After receiving an orchid for my birthday, I have found how fussy and high maintenance they are to get them to flower each spring. I guess there are some hormones, etc to buy. I have to read more regarding their proper maintenance, etc. I have noticed a small leave coming through the middle so, maybe, some more beautiful orchid flowers. I found it strange that it is referred to as a "testicle" as an orchid looks like something completely different as per Georgia O'Keefe's works.
Tomato/Tomato..whatever! To each his own I suppose! We can see that this reference to an orchid in the Emily poem is about the fragility of life and the way this fragility is victorious over so many things that can harm us, because we build up or plant something to grow (like the Spirit) we are rich during the harvest time.

The last two line verse is a positive take on those who grow Orchids, however Orchids is spelled "Orchis" so now I will look up a possible Greek analogous name. No this is the Latin genus of an Orchid, no connection to a Greek god here, unless someone has found something different? We'll hold our breath on this one!
Maybe Emily grew indoor Orchids, in her greenhouse? It sure sounds like it. An Orchis' heart to me would be a tender, kind heart, which means they will survive and thrive the swamps of life and come back "pink" to life in June. I love the flower to human analogy here. Quite stunning, and soothing to the soul, actually!

Chiccorealo's take on Ms Emily today!

Every Word of Em's like Majestic Pagaentry:
Bespoken no longer broken

How the unfurling from the Heav'ns
Seem to evoke us to plant
To bring forth words that enliven
and keep us free to survive
another last winter
when all died of the bout
with the flowers strength
Notably some like Emily
Will Live On
(and on!)


In architecture, the chancel is the space around the altar at the liturgical east end of a traditional Christian church building. ...

What image is the heart of this poem?
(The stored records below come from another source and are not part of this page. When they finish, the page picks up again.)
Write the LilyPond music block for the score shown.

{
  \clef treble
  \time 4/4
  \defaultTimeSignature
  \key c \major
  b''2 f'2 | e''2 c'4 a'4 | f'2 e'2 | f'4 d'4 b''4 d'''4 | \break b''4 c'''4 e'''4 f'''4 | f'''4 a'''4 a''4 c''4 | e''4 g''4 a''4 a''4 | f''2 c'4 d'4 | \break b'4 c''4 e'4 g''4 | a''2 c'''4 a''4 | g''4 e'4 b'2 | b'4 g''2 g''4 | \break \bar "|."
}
Planting of flowers (spiritual gifts). Need a pic (free pic) on planting please Mr. Google!



  1. i particularly love the ochis' stanza...a wonderful breakdown of the poem...and i like your take on it...we each are given gifts, we either plant or we horde...and what lays in the sotrehouse rots...

  2. Deceptively simple... or simply deceptive? Oh, that Emily D.!
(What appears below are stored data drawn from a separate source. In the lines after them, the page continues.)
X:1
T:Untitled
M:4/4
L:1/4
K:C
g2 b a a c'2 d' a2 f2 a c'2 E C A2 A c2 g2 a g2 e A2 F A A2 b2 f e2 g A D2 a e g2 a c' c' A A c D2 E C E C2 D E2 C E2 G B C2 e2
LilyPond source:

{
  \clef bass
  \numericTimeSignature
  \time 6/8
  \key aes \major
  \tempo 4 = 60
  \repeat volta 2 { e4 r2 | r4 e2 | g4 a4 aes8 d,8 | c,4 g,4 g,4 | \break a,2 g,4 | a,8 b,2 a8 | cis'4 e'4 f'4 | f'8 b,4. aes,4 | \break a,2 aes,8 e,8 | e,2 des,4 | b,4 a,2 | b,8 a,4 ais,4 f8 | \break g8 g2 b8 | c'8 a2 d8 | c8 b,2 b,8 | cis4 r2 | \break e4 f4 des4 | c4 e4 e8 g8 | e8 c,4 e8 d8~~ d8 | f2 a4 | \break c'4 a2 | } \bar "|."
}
  3. Oh it took a day but I got it! "the swamps are pink with June". The flowers in the swamps! Orchids grow in swamps! I did not see this at first. Emily is a multiple-read I feel to get all the nuggets. Over my head!
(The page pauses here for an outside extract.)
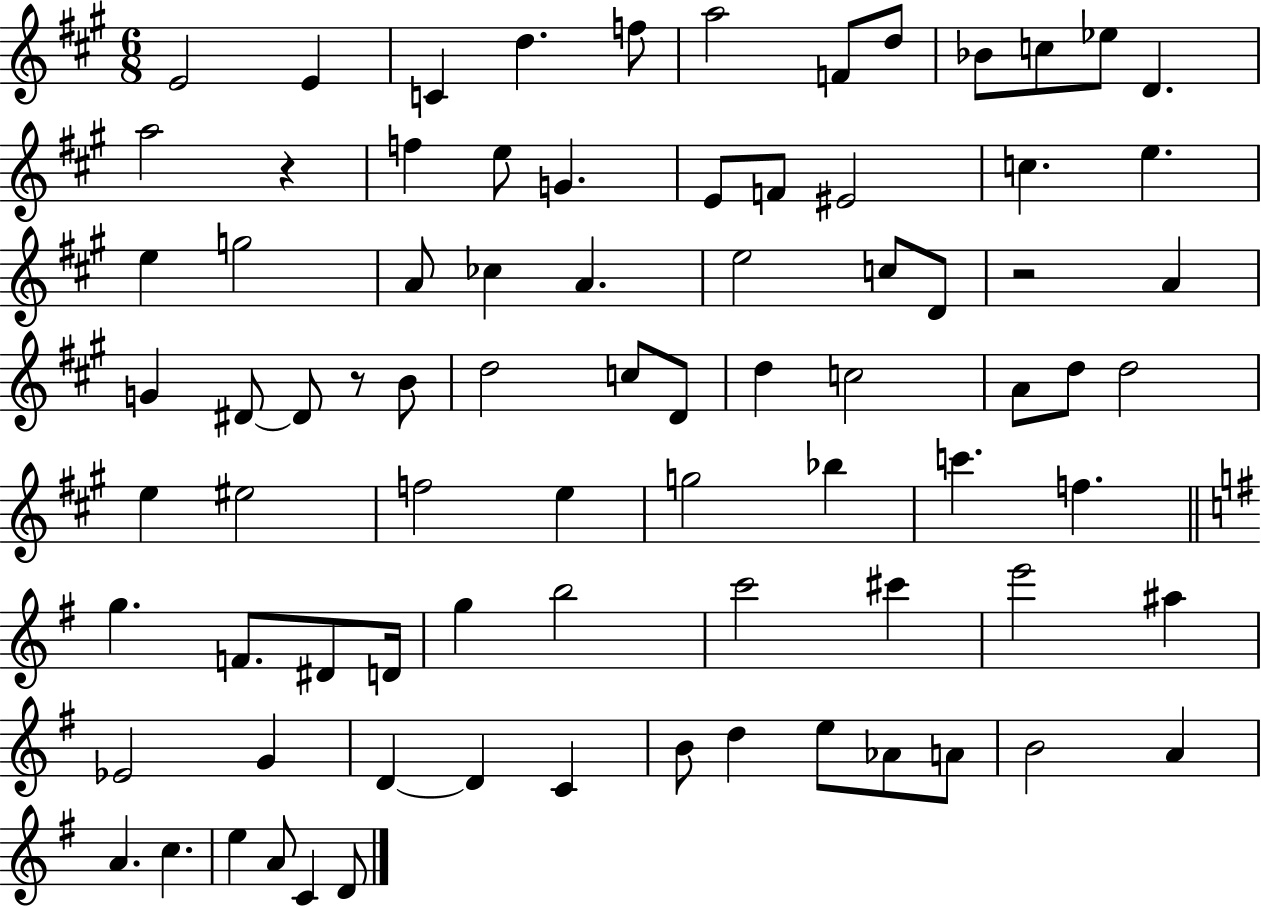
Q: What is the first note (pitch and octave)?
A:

    @Brian Thanks! Plant Love. Or horde Love? Plant, definitely!

    @Vicki Thinking Emily has thought out things quite abit so maybe mostly the first Deceptively simple her poetry, but then maybe if she is using "code" or hidden meanings behind the objects, as per allegory, etc for what? Emily a spy? Or Emily, like Barney the dinosaur a subversive? One may never know. Wonders how political Emily's poetry in "hushed" Paul Revere tones, now that has been done undoubtly. But fun to figure out if this may be another undercurrent theme in Emily's work. Subtle if it is true!